Blob Blame History Raw
From: Paul Blakey <paulb@mellanox.com>
Date: Wed, 20 Nov 2019 15:06:19 +0200
Subject: net/mlx5: E-Switch, Increase number of chains and priorities
Patch-mainline: v5.6-rc1
Git-commit: 278d51f24330718aefd7fe86996a6da66fd345e7
References: jsc#SLE-15172

Increase the number of chains and priorities to support
the whole range available in tc.

We use unmanaged tables and ignore flow level to create more
tables than what we declared to fs_core steering, and we manage
the connections between the tables themselves.

To support that we need FW with ignore_flow_level capability.
Otherwise the old behaviour will be used, where we are limited
by the number of levels we declared (4 chains, 16 prios).

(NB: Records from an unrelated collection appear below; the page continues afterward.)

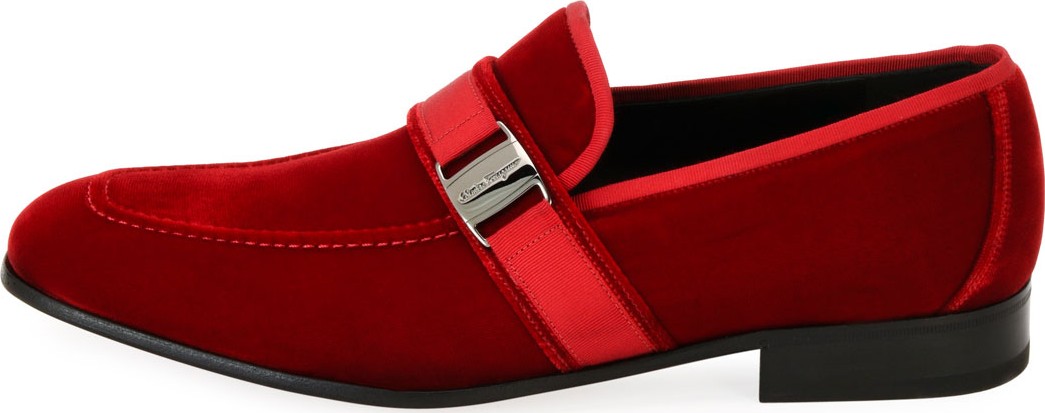 Salvatore Ferragamo Men's Velvet Formal Loafer, Red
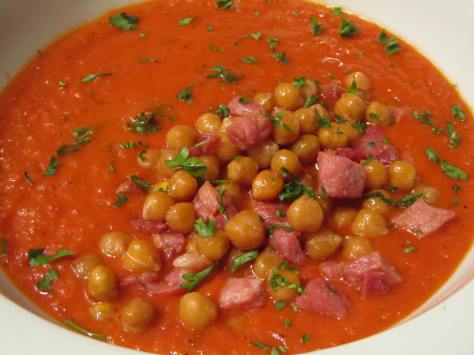 Tomato-Red Pepper Soup with Country Ham & Chickpeas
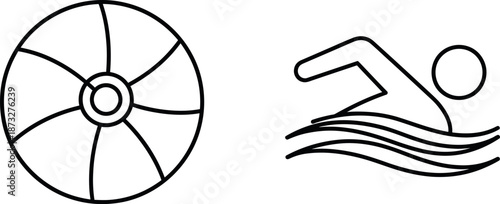 Swimmer with swimming accessories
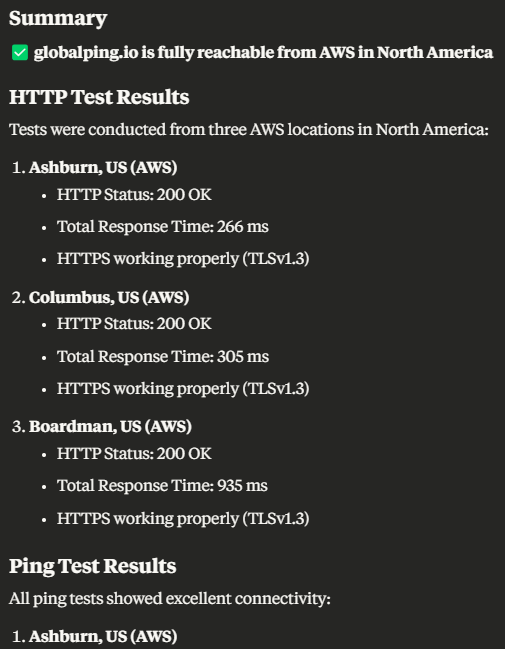 The AI assistant confirms that our website is reachable.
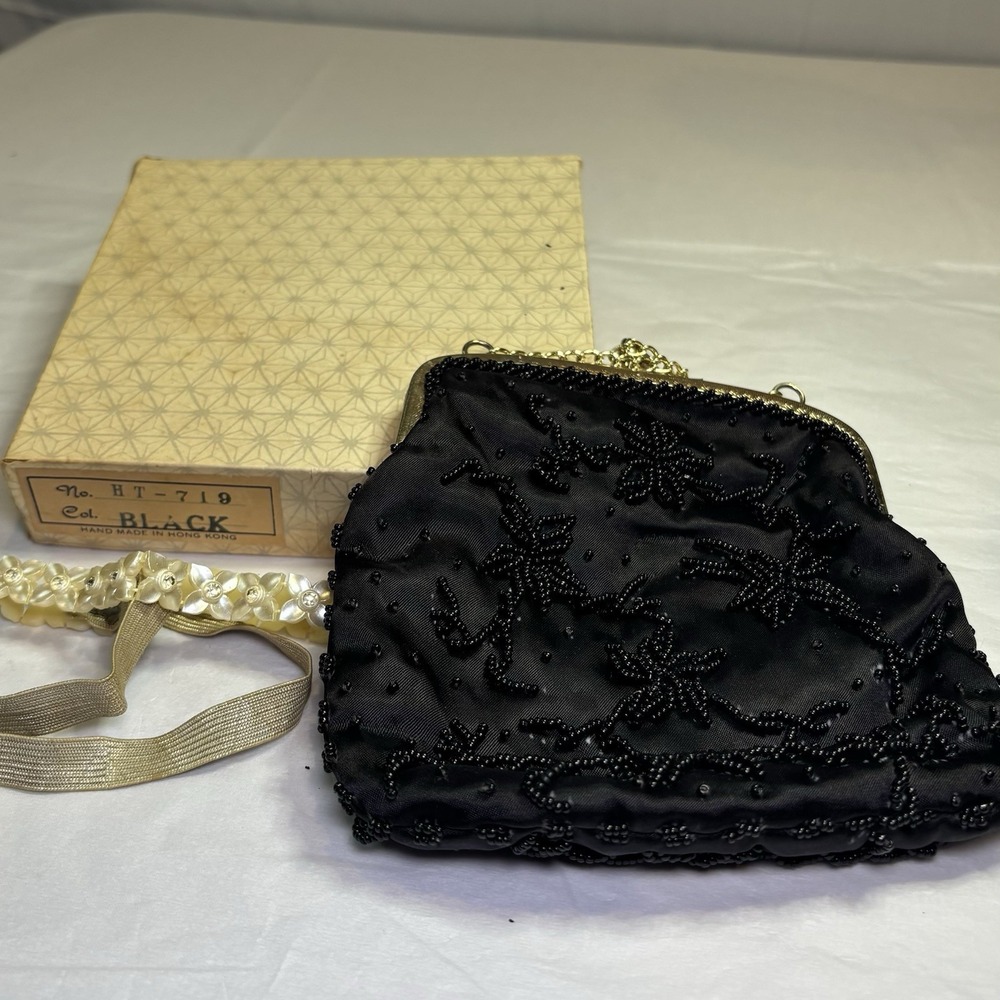 Vintage Walborg Beaded Black Handmade Handbag 50s Clutch Purse Gold Chain W/ Box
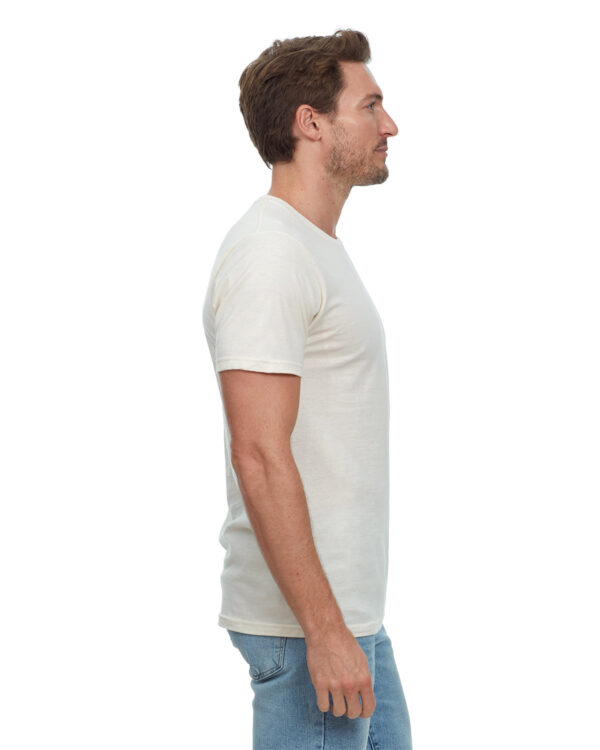 Model Wearing Natural Threadfast Apparel Epic Unisex T-Shirt -T1000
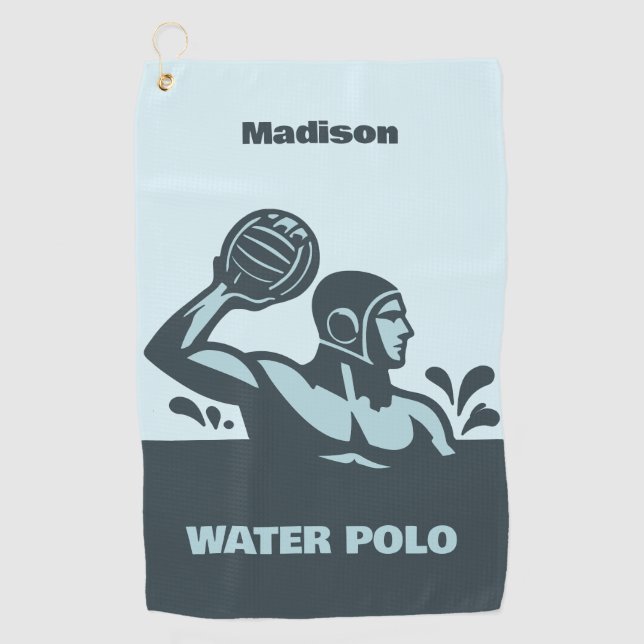 Toalla De Golf Custom Name Water Polo (Anverso)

Signed-off-by: Paul Blakey <paulb@mellanox.com>
Reviewed-by: Roi Dayan <roid@mellanox.com>
Reviewed-by: Oz Shlomo <ozsh@mellanox.com>
Reviewed-by: Mark Bloch <markb@mellanox.com>
Signed-off-by: Saeed Mahameed <saeedm@mellanox.com>
Acked-by: Thomas Bogendoerfer <tbogendoerfer@suse.de>
---
 drivers/net/ethernet/mellanox/mlx5/core/eswitch_offloads.c        |    3 
 drivers/net/ethernet/mellanox/mlx5/core/eswitch_offloads_chains.c |  238 +++++++++-
 drivers/net/ethernet/mellanox/mlx5/core/eswitch_offloads_chains.h |    3 
 3 files changed, 232 insertions(+), 12 deletions(-)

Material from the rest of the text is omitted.